Give back the lines below exactly, but do not include any pictures.

◇ ◇ ◇ ◇ ◇ ◇ ◇

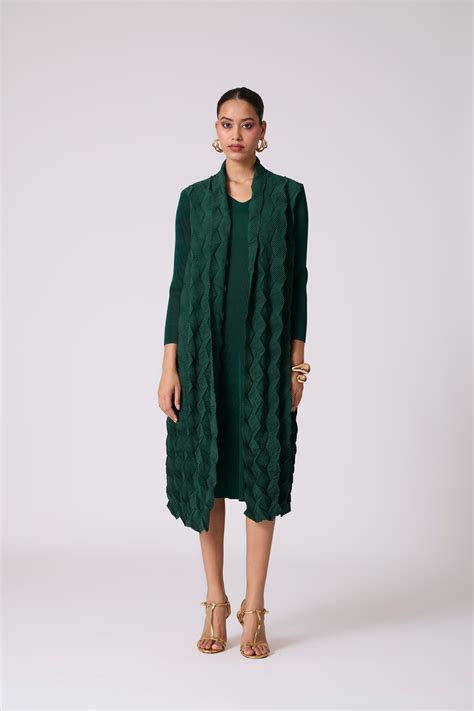 Paula Textured Overlay Dress - Green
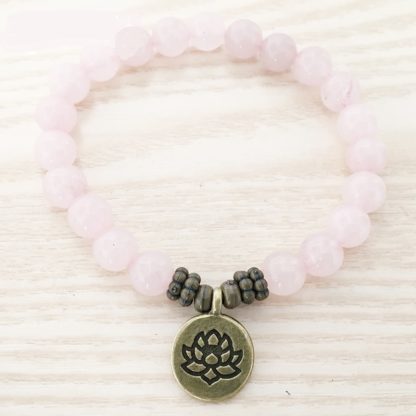 Lotus Rose Quartz Bracelet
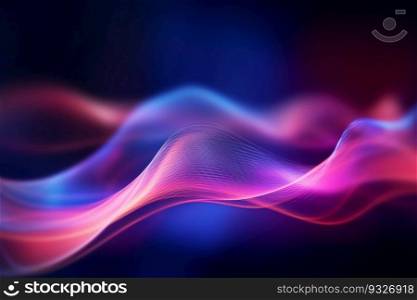 Abstract futuristic background with pink blue glowing neon moving wave lines. Generative AI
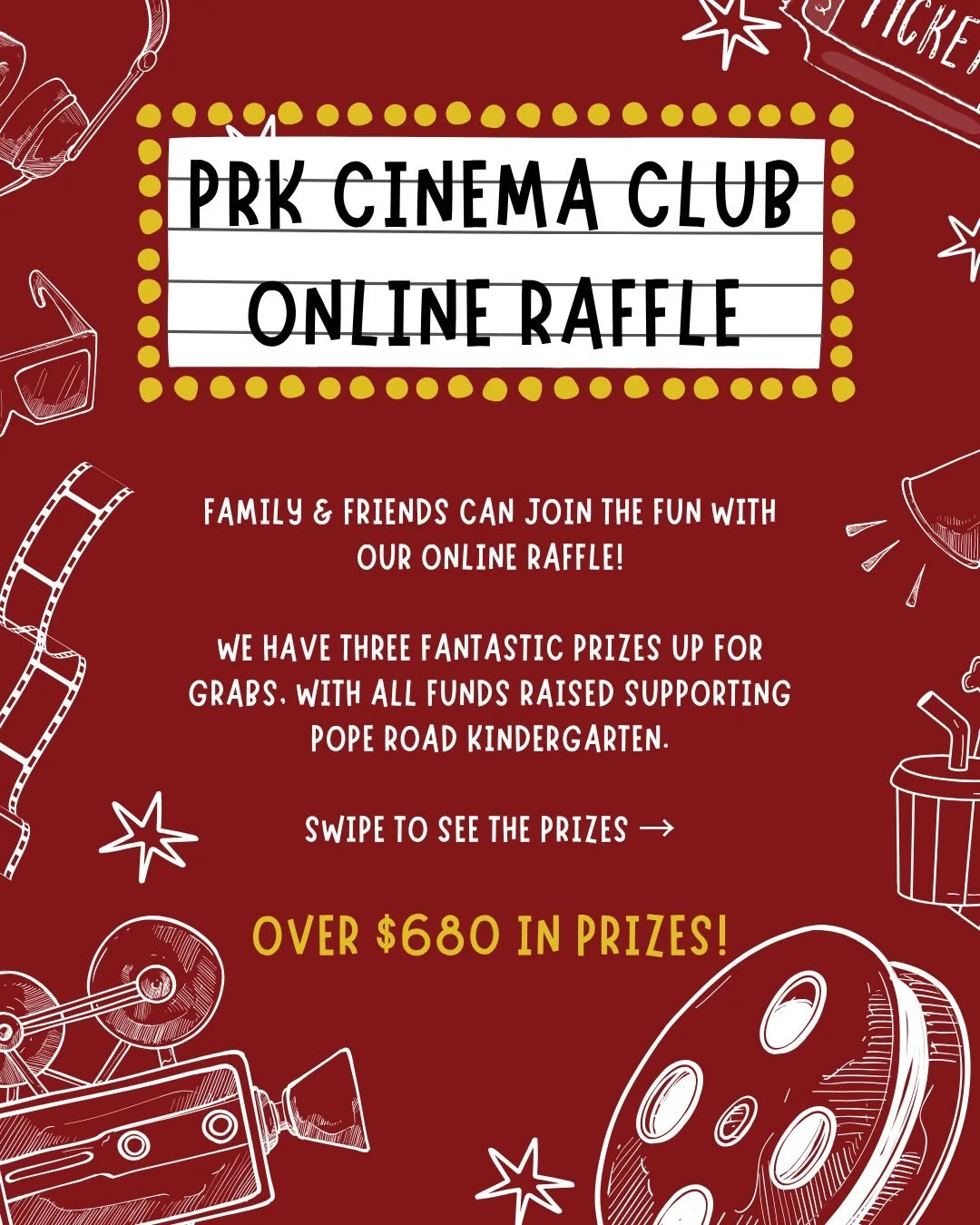 PRK Cinema Club Online Raffle is LIVE! 🎟️

We&rsquo;ve got 3 fantastic prizes worth over $680 up for grabs!

Every ticket helps support Pope Road Kindergarten and our wonderful kinder community. 

Buy your tickets now via the link in bio.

◇ ◇ ◇ ◇ ◇ ◇ ◇

Answer space:
 Paula Textured Overlay Dress - Green
 Lotus Rose Quartz Bracelet
 Abstract futuristic background with pink blue glowing neon moving wave lines. Generative AI
 PRK Cinema Club Online Raffle is LIVE! 🎟️

We&rsquo;ve got 3 fantastic prizes worth over $680 up for grabs!

Every ticket helps support Pope Road Kindergarten and our wonderful kinder community. 

Buy your tickets now via the link in bio.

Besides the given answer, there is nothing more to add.